Portrait mode delivers different results depending on which camera is being shot. Since the P50 Pocket integrates an external screen, it is possible to take selfies and portraits with both the “front” camera and the main camera, controlling the framing and shooting from the small screen.
The photos with the front camera (the one inserted in the internal screen) present some problems with the focus and the eyes appear out of focus in a large number of shots, forcing them to be repeated.
The blur is natural, so to get more aggressive blurs you will have to opt for the Aperture mode. The best option is to use the external screen next to the main camera to get the best results for selfies in bright sunlight, as well as night or group selfies using the wide angle.
Despite mounting the Snapdragon 888, the Huawei P50 Pocket only allows you to record in 4K at 60 fps which, although it does not apply any stabilization, does achieve very good quality shots with very good sharpness.

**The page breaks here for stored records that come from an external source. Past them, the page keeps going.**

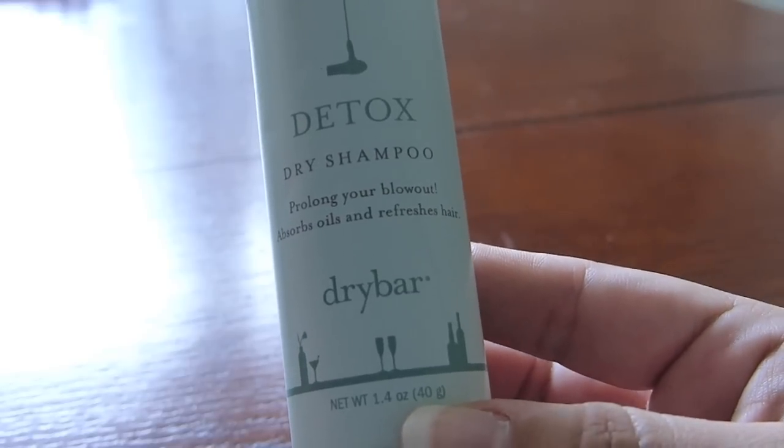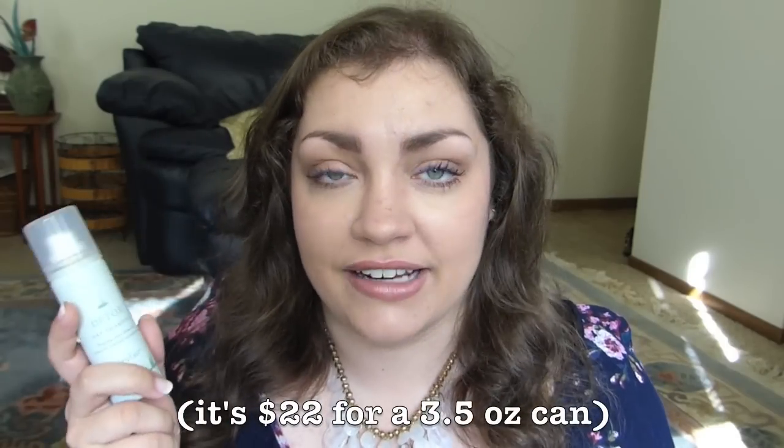Next up I have a product that a viewer sent to me — I believe it was from one of those Sephora holiday kits. She didn't want it but wanted the other things in the kit, so she sent this along. Thank you so much. I ended up loving this dry shampoo so, so much. This is the Detox Dry Shampoo from Dry Bar. It left a terrible white cast — really bad — so you had to be diligent about scrubbing your scalp to work it in, especially with darker hair. But whenever I used it, it seriously made it look like I had just washed my hair. I highly recommend it even if it's a little pricey.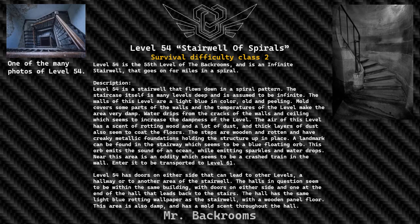Level 54 has doors on either side that can lead to other levels, a hallway, or to another area of the stairwell. The halls in question seem to be within the same building, with doors on either side and one at the end of the hall that leads back to the stairs. The hall has the same light blue rotten wallpaper as the stairwell, with a wooden panel floor. This area is also damp and has a mold scent throughout the hall.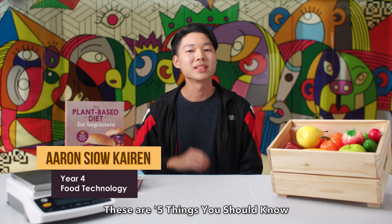Hello, my name is Aaron. These are five things that you should know about food technology at SIT.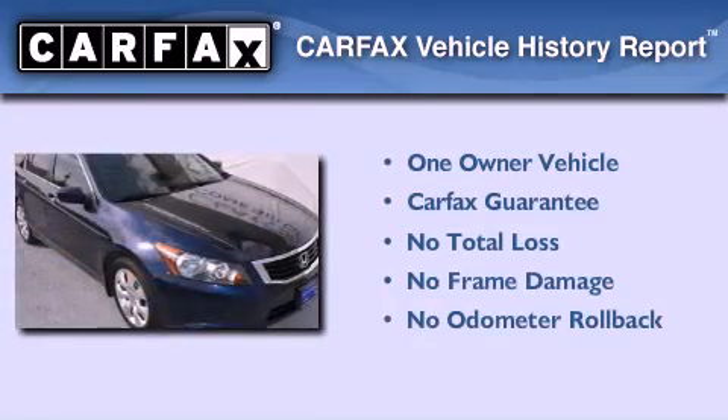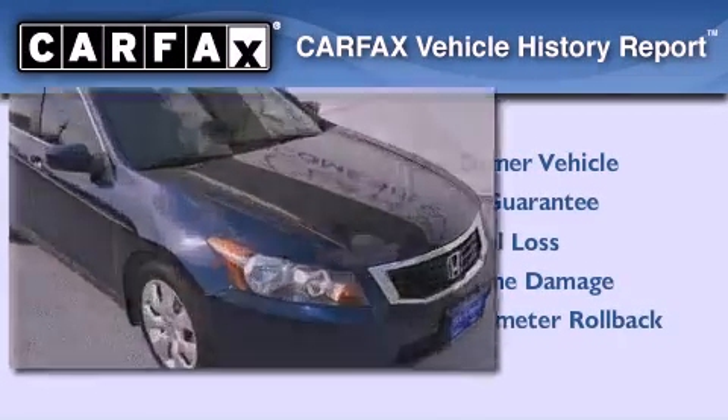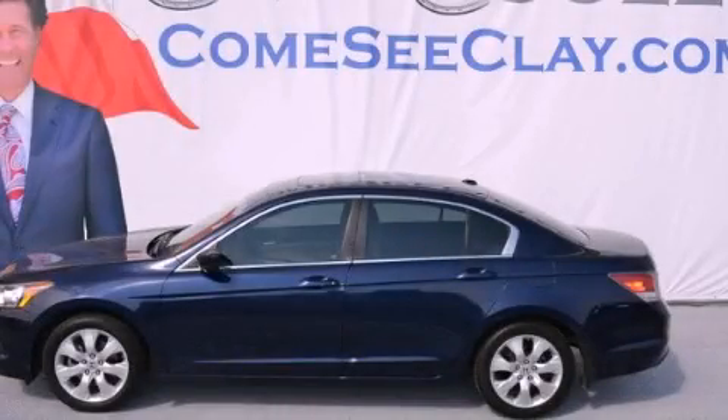This Honda has had only one owner and it qualifies for the Carfax buyback guarantee. Please call today to reserve this vehicle for a test drive.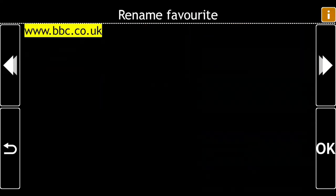Rename Favourite. Current input is www.bbc.co.uk. Type in a name then press Enter.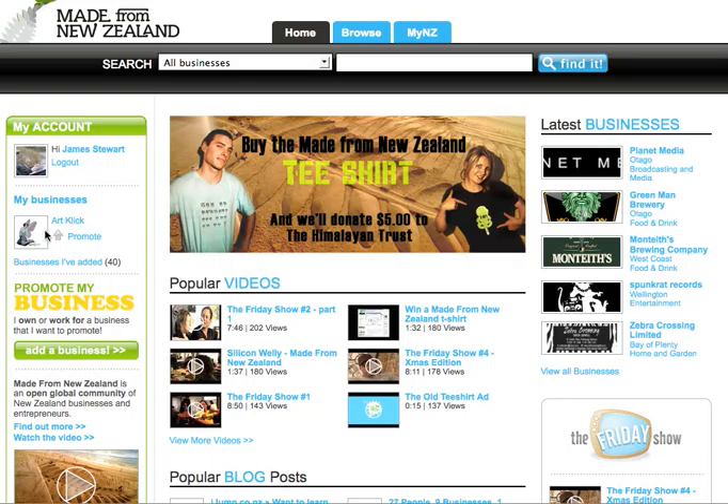Hey guys, James here from Made for New Zealand. Just thought I'd do a bit of a screen capture to show you how cool our new WordPress plugin is.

To obtain more stabilized videos, apply a cut in the resolution limiting it to 1080p and 30 fps. In this scenario, sharpness and color processing are maintained, and other functions such as focus tracking of moving objects can be added.
4,000 mAh that give for a day of use and a limited fast charge
The peculiar folding format of the Huawei P50 Pocket, with the hinge splitting the body of the smartphone in two, makes it difficult to install a larger battery without thereby putting the delicate balance with its dimensions at risk.
We are talking about a 4,000 mAh battery, a capacity that seems almost anecdotal for a high-end smartphone in 2022, but which places it ahead of its direct rivals such as the Galaxy Z Flip 3, which mounts a 3,300 mAh battery.
With this capacity and similar screen diagonal we have obtained between 4 hours and a half and 5 hours of use. This will be a very short time for the most intensive users of social networks, but with moderate use the end of the day is reached.
To recover the charge, the Huawei P50 Pocket includes a 40 W SuperCharge charger with which it recovers 50% of its autonomy in 24 minutes and 100% in 1 hour. Wireless charging is left in the inkwell.
Haute couture design applied to a mobile, but Huawei has neglected functionality
The design of the Huawei P50 Pocket is simply impressive and this has been recognized by those who have seen it these days in my hands. It looks straight out of a Paris haute couture atelier and oozes glamor on all four sides.
Inside we find the top hardware for a smartphone that was presented in 2021 and optimized so that the operating system slides like butter on hot toast.
But for a smartphone, apps are everything and staying out of an ecosystem as powerful as Google’s means paying a high toll for the user.
With the P50 Pocket, Huawei has been able to stay on the wave of future trends just as it did in its day, being pioneers with the Huawei Mate X foldables, but the P50 Pocket moves in price ranges in which the user does not support the slightest inconvenience.